◆ **Exercise details**
Only one span of the material below is wanted. Output it exactly, from the line with "Lampa podłogowa LED" through the line with "Premium Ice Cream", without any pictures.

◆ **Exercise data**
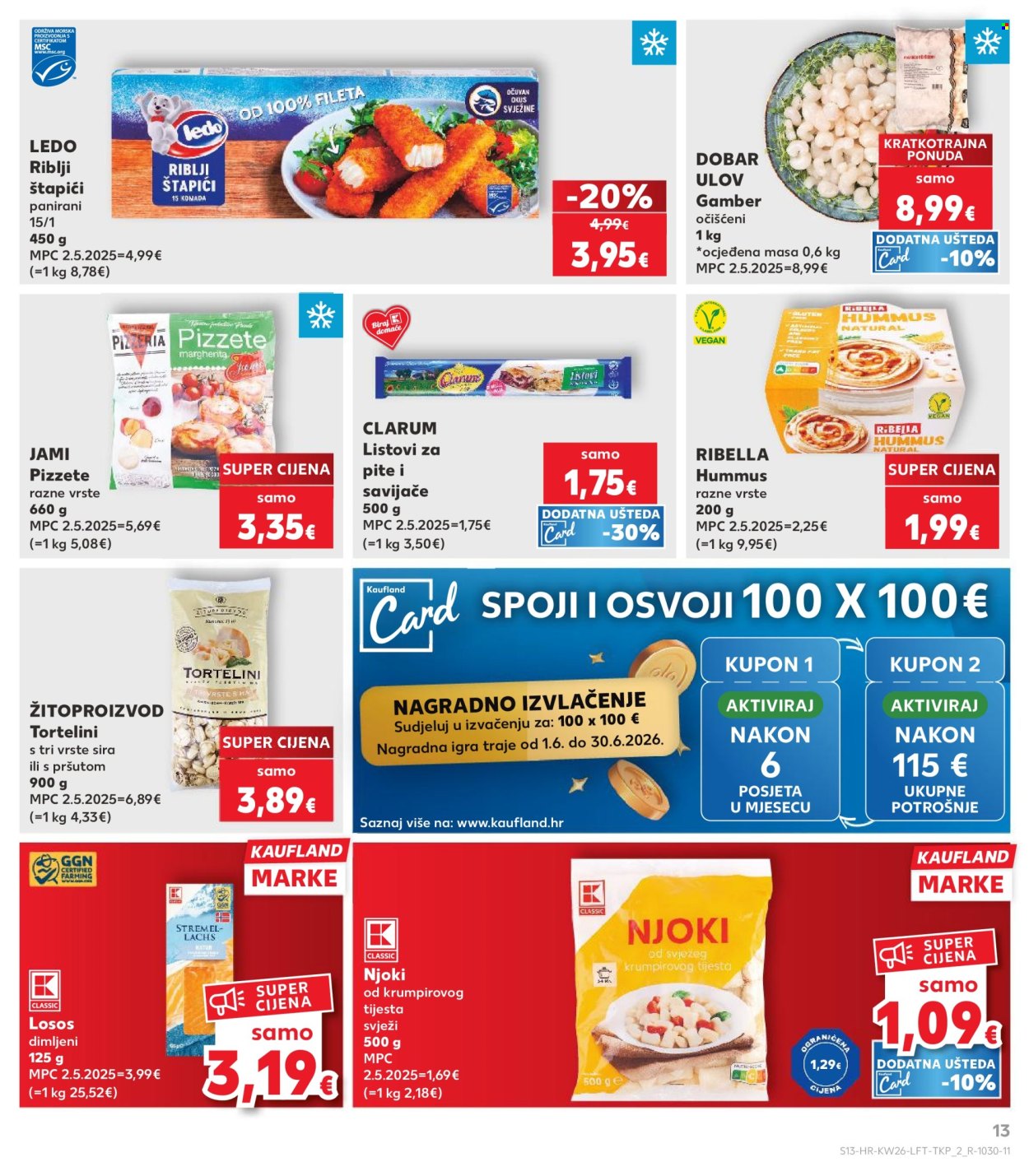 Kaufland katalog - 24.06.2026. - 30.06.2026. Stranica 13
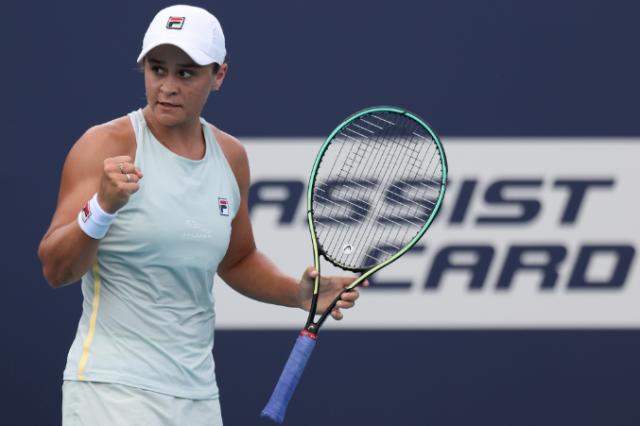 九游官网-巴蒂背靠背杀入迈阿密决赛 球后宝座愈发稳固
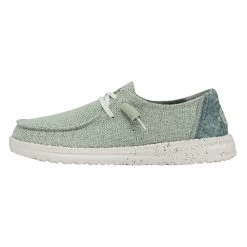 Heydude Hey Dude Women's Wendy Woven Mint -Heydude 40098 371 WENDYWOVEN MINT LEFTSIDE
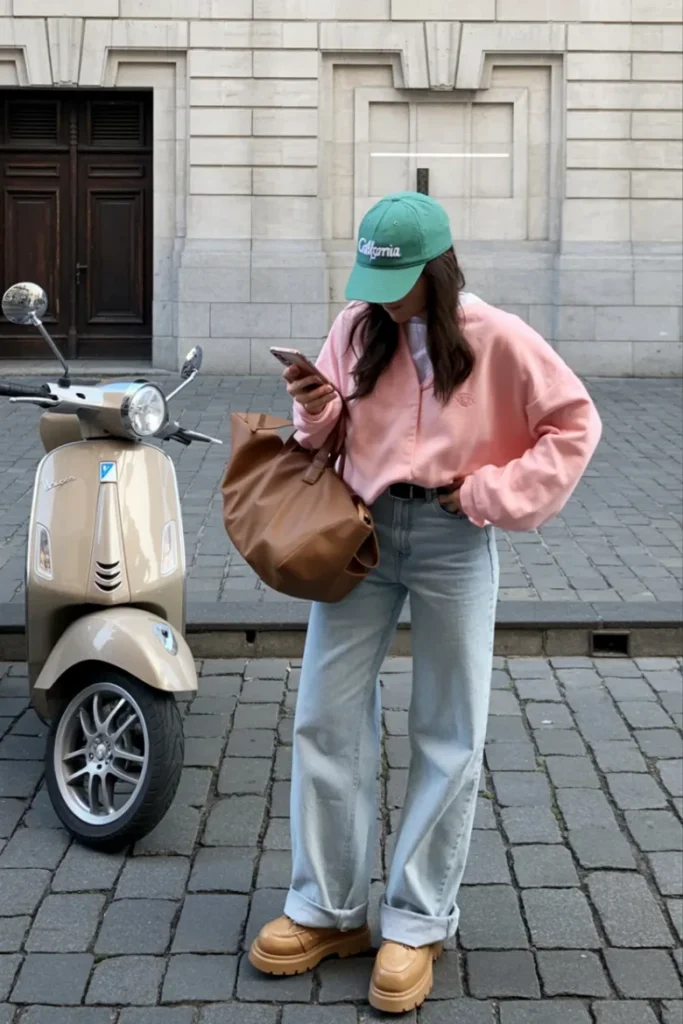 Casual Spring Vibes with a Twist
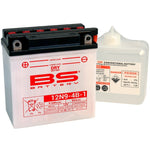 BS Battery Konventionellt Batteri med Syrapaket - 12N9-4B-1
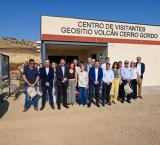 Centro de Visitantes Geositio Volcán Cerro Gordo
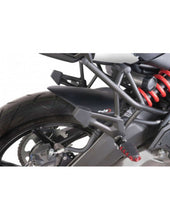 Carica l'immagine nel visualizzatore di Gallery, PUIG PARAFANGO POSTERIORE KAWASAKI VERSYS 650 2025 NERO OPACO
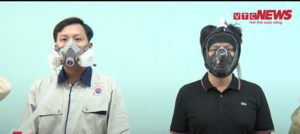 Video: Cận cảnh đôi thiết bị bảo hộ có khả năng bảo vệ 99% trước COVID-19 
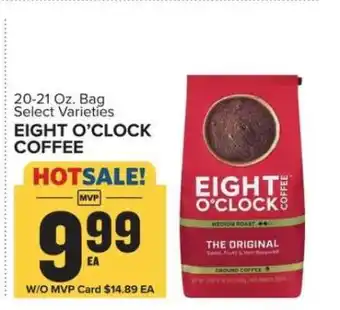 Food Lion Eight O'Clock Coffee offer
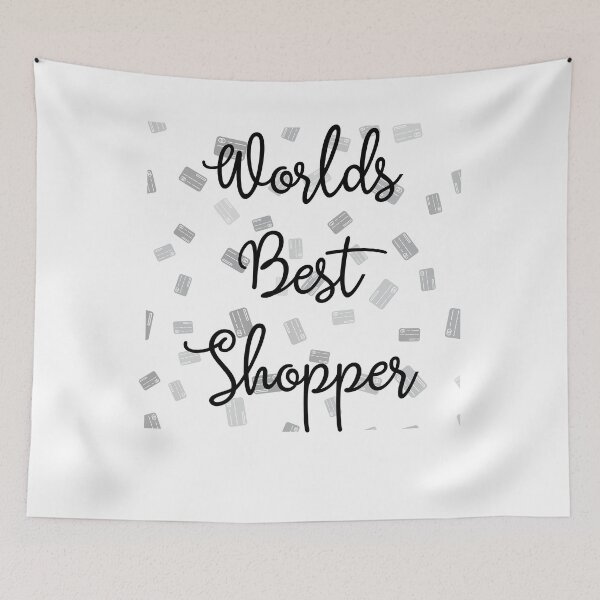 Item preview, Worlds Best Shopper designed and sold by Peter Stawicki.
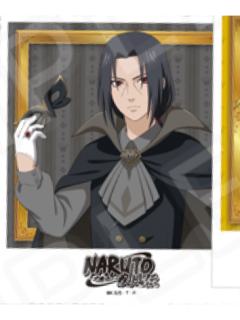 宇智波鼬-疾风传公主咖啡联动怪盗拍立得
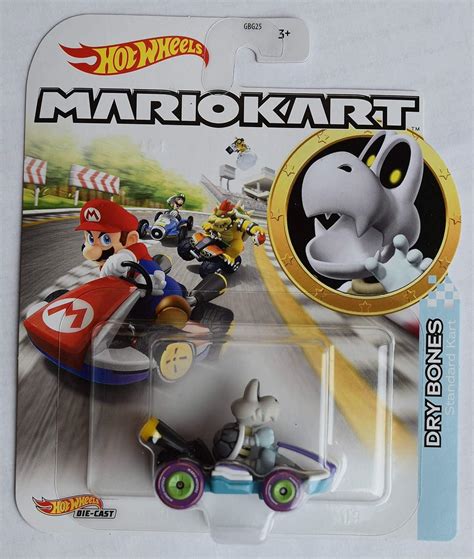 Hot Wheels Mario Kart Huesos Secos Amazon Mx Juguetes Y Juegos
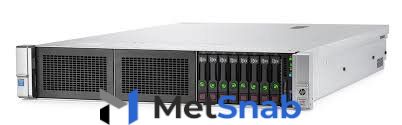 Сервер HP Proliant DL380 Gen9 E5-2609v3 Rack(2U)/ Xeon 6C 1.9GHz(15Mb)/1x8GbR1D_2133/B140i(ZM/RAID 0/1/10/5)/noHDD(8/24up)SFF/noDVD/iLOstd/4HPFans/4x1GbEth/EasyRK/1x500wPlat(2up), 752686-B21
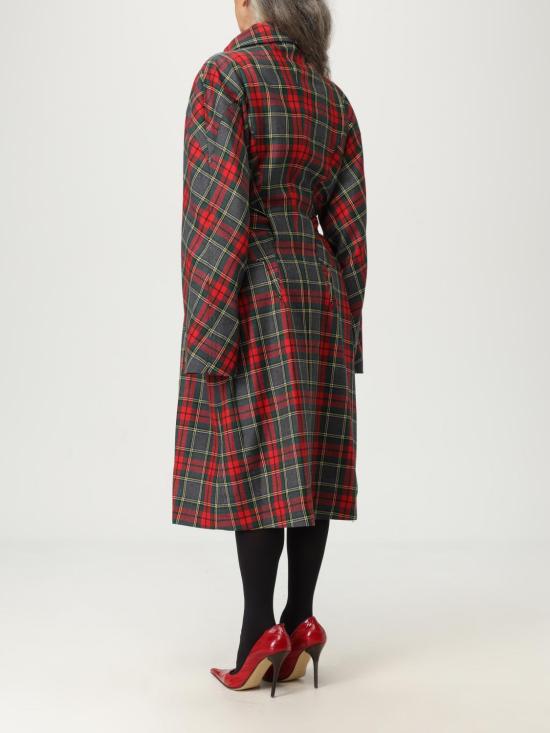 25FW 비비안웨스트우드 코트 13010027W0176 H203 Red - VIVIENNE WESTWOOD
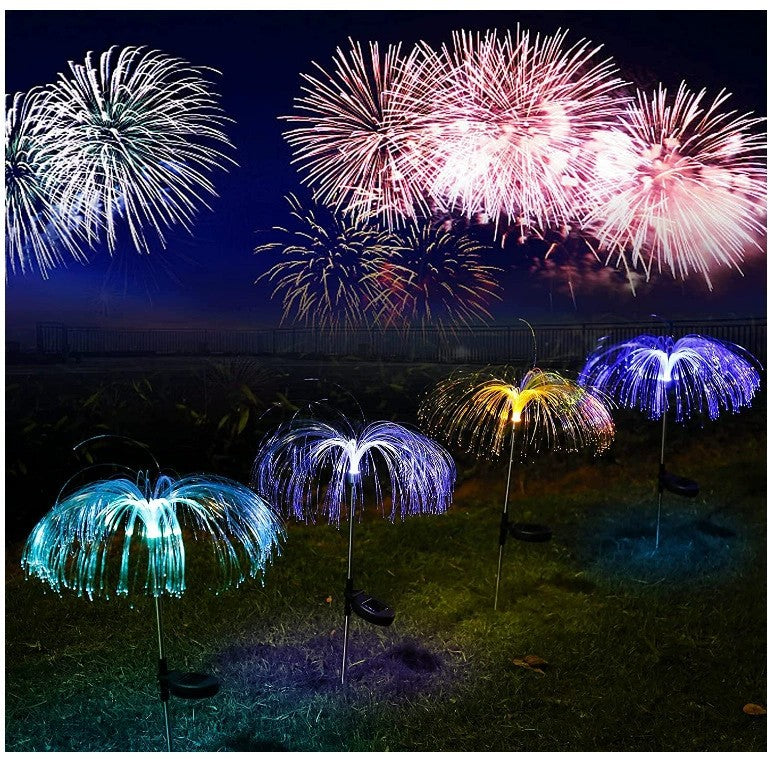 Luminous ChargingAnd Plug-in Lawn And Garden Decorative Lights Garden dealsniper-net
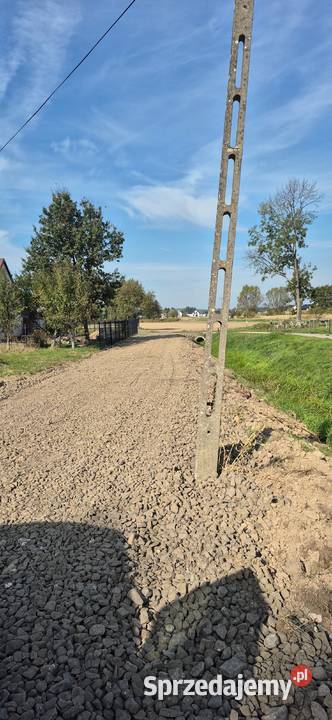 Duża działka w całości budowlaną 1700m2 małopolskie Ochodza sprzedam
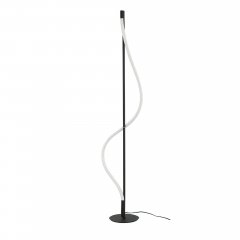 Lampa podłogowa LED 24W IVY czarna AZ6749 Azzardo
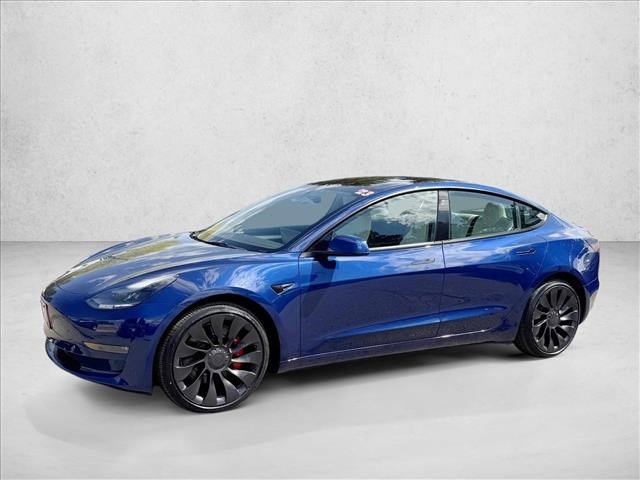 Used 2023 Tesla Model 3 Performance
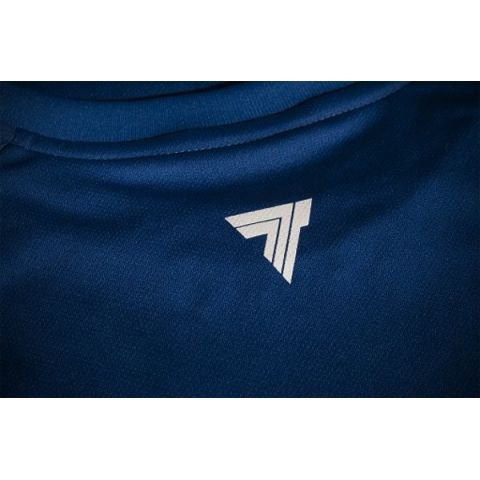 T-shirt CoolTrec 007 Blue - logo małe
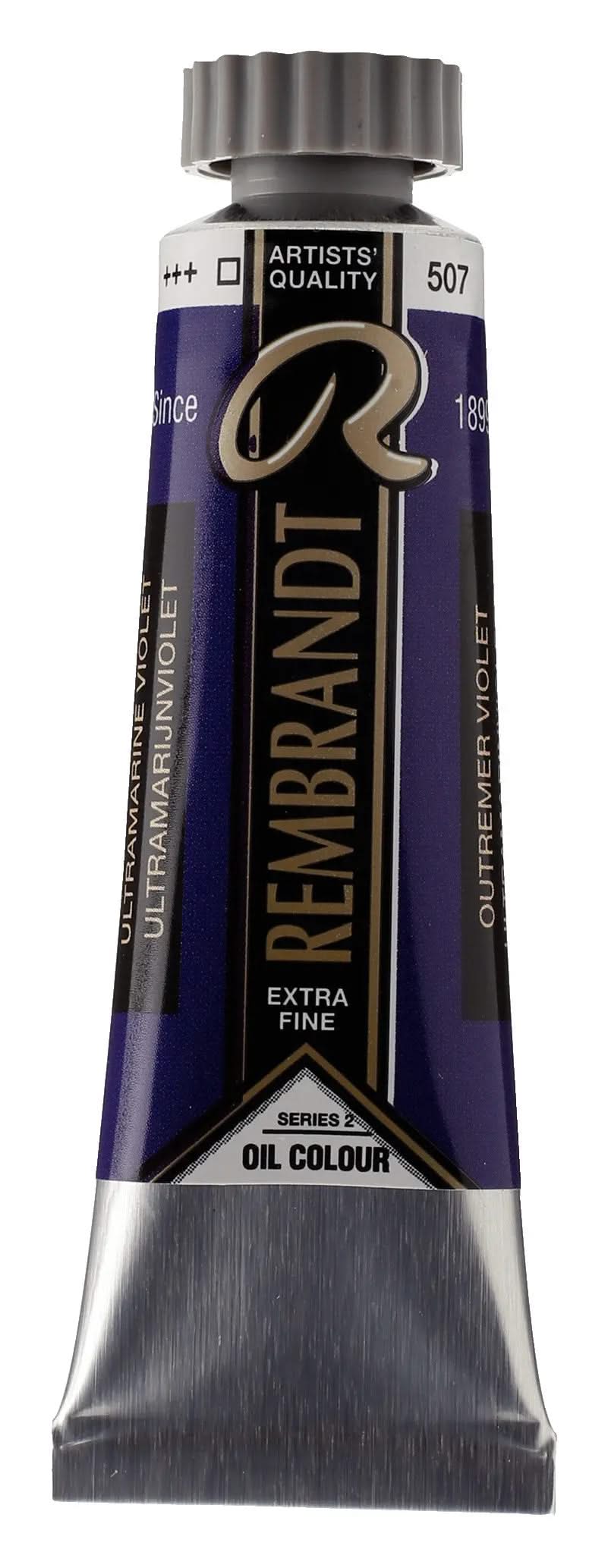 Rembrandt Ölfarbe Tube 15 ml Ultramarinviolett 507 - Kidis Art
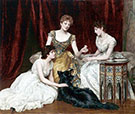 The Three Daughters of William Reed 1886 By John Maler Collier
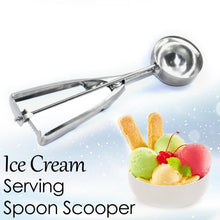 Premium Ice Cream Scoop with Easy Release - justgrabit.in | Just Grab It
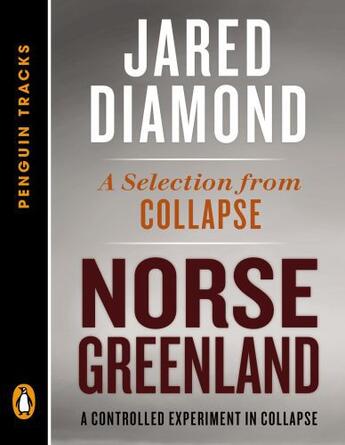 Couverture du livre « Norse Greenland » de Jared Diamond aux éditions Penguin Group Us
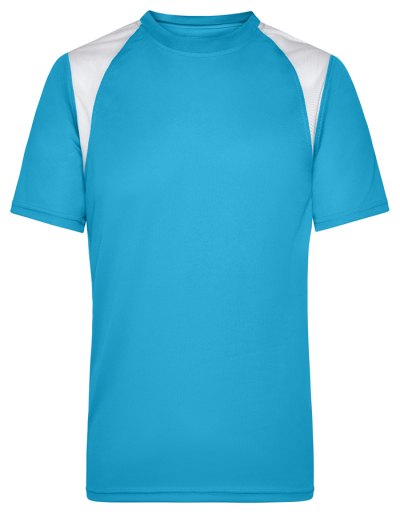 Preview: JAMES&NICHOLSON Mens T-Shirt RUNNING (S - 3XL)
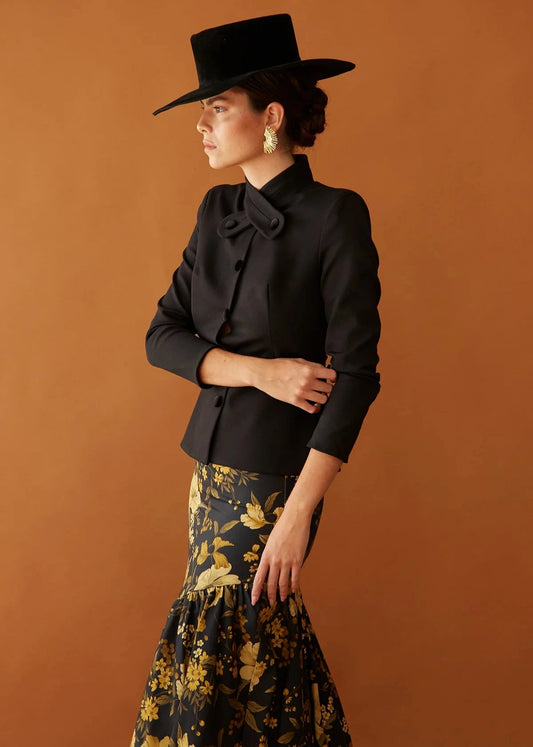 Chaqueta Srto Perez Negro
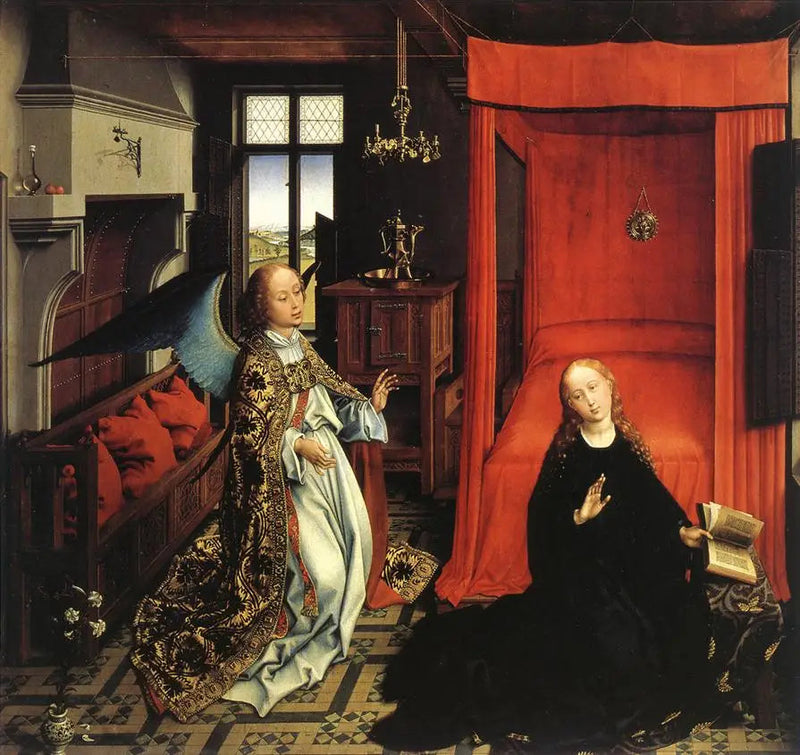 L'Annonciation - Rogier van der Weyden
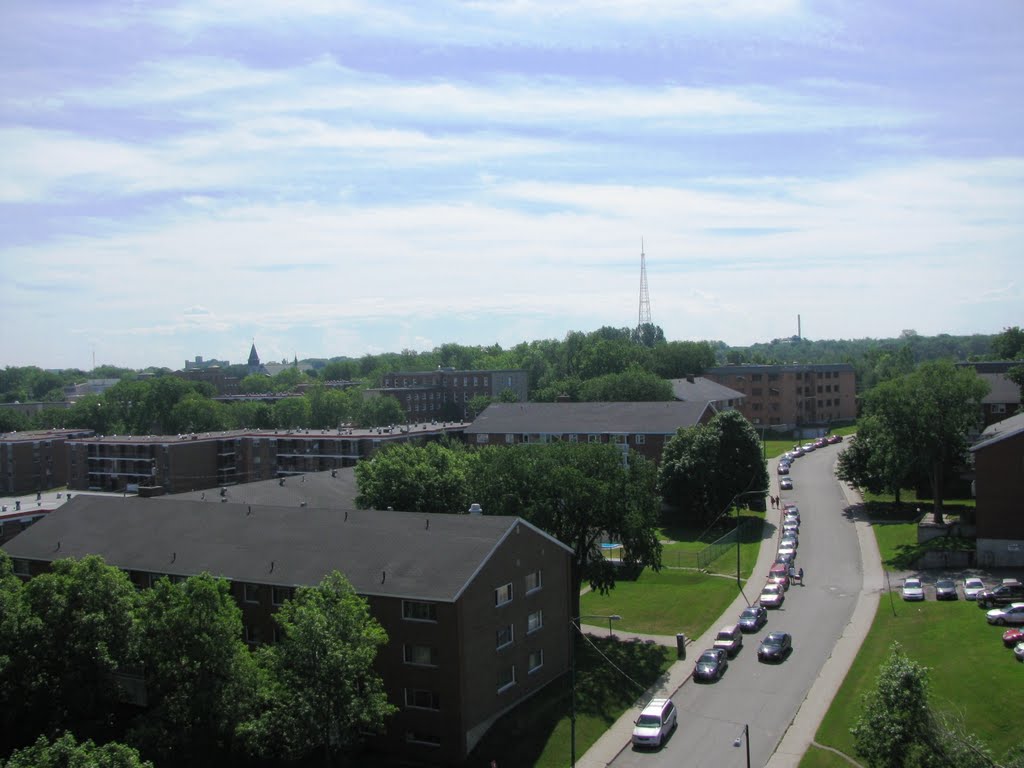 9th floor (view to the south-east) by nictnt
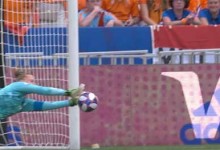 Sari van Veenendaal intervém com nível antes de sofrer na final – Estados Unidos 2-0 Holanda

◆ **Output of the task**
 Lampa podłogowa LED 24W IVY czarna AZ6749 Azzardo
 Used 2023 Tesla Model 3 Performance
 T-shirt CoolTrec 007 Blue - logo małe
 Rembrandt Ölfarbe Tube 15 ml Ultramarinviolett 507 - Kidis Art
 The Three Daughters of William Reed 1886 By John Maler Collier
 Premium Ice Cream Scoop with Easy Release - justgrabit.in | Just Grab It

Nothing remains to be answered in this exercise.